Written by Peter Johnston on .

Press and Journal

Today's Press and Journal is running with an exclusive (above are pictures of the Moray edition - thank you, Shuna Dicks!) from their correspondent Cameron Brooks under the headlines "Thousands quit Kirk as gay clergy row rages" and "People walk away from Kirk in droves". Brooks is basing his report on the annual publication of membership statistics for the Kirk as it appears in the Blue Book (the General Assembly Reports book). His article states, "Nearly 50,000 people have abandoned Scotland's national church in just three years."

Reading between the lines, the purpose of this reporting seems to be to gin up "the fight" ahead of the General Assembly and the ongoing debate relating to allowing congregations to call a minister living in a civil partnership should they wish to do so - this report is contained in the Legal Questions Committee, and there is theological support for a mixed economy approach to this issue in a report from the new Theological Commission (a very good report, I thought). The tenor of the P&J's reporting is that the church's deliberations on this are the cause of people walking away in droves from the Kirk. This is a highly distorted view of the reality, and certainly not how I would interpret the data. But then numbers are so easily recruited to one's own prior agenda. What was it that Twain/Disraeli said about "lies, damned lies and statistics"? 

What does the data actually tell us?

I had a look at the statistics and tested Cameron Brooks's thesis that the debates over recent years with regard to ministers in same-sex relationships is affecting church membership. This is what I found when I compared the statistics over the past five years (2009-2013) with those from a decade ago prior to the current discussions (2002-2006).
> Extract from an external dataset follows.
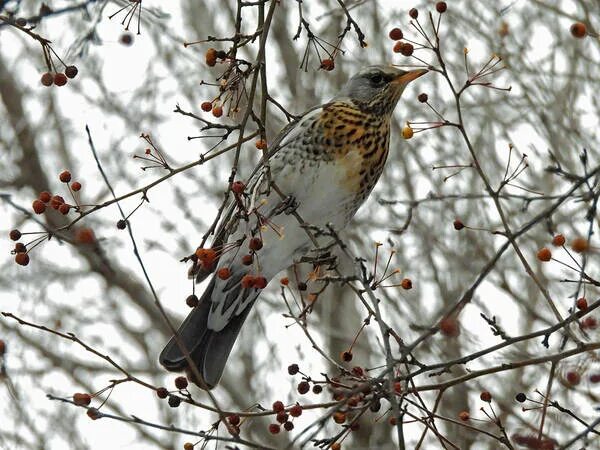 Птица рябинник фото и описание Рябинник (Turdus pilaris). Птицы Сибири.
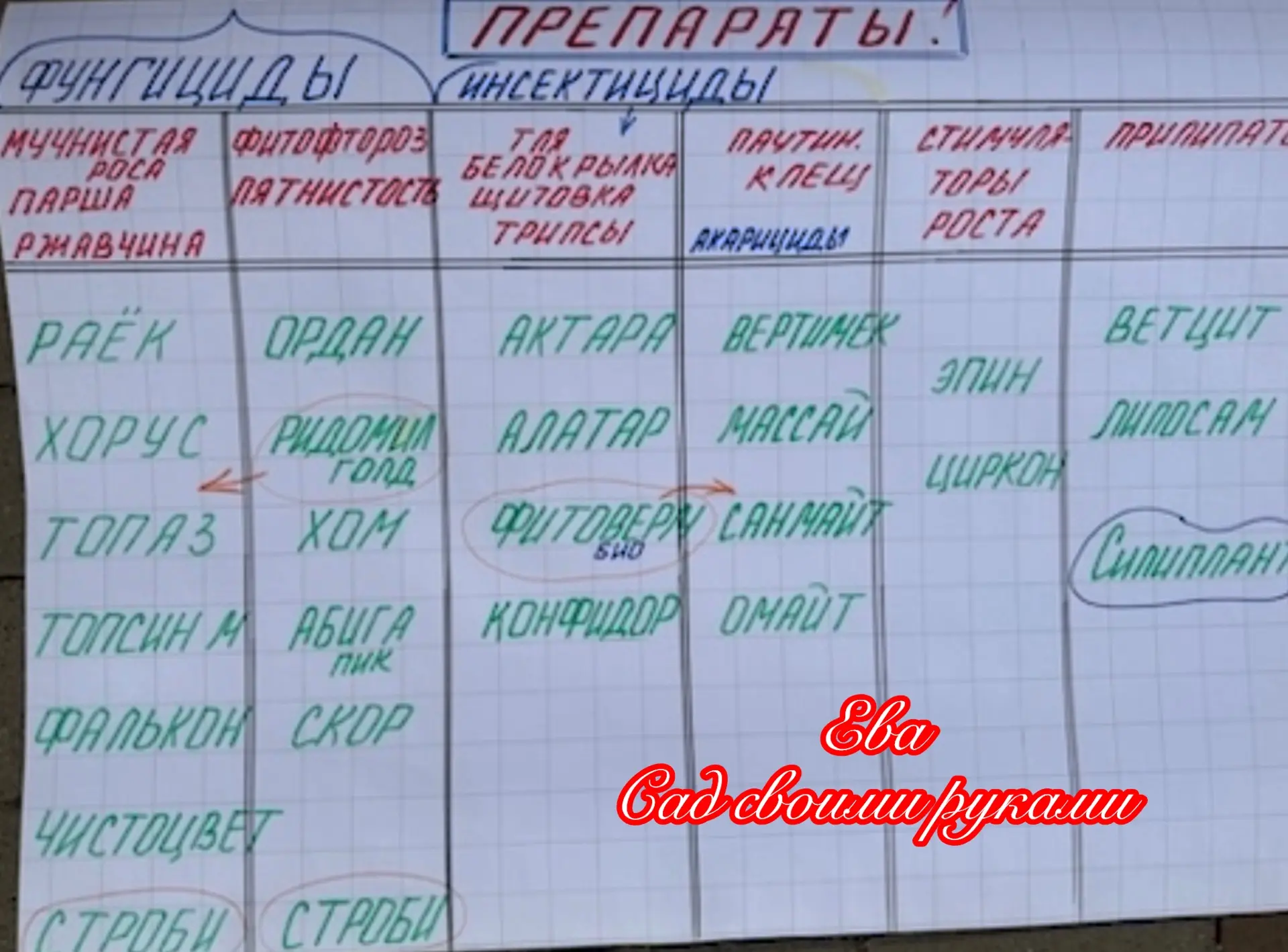 ✅ ПОМОЩЬ НОВИЧКАМ В РАБОТЕ ПРЕПАРАТОВ ❤️ по розам, барбарисам, кленам … лиственным, раб...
Over those two periods the percentage of church members removed (by death, transfer certificate or other) was 21.9% (for 2009-2013) in comparison with 24% (for 2002-2006). Now, first of all, let us be under no illusions that this is a positive story for the membership of the Kirk is reducing rapidly, but neither is this a new story despite the Press and Journal's headlines. Indeed, the rate of loss would appear to have declined in the past decade. If I was a headline writer perhaps I would be tempted by "Kirk's big fight over gay clergy slows loss of members!" But that would not be a responsible use of the data.

Of those members who were removed from church rolls, far from walking out in droves or "abandoning" the church, more than half of them were sadly driven away in a hearse. For both the periods I had a quick look at, there was a reduction of 11.8% by death alone. These, as my good friend Shuna has pointed out in a letter she has written to the editor of the P&J today, were folks whose families no doubt benefited from the pastoral support of the Kirk in their difficult times of loss. 

Where there is a notable difference is in the number of people being admitted into membership of the church. In the earlier five year period from 2002-2006 51,353 people were added to the church's membership (an additional 9% to the total figure from 2002), whereas in 2009-2013 only 29,905 were added to church rolls (representing an additional 6.4% onto the 2009 total). Fewer folks are joining the Kirk. 

What these statistics do not cover are people who are connected to the church but have not formally joined the church. This is increasingly more the case, particularly with new forms of church community growing across the country - often labelled today as "fresh expressions" of church. We happen, at Ferryhill, to be admitting a number of folks into church membership over the next week or so, but this will be the first time in five years that new members have been admitted by profession of faith. We are in a shifting culture where membership of bodies like the Kirk (and here you can switch in almost any other organisation) is decreasing as people (particularly younger generations) avoid longer-term fixed commitments in favour of more fluid and flexible networks of people. 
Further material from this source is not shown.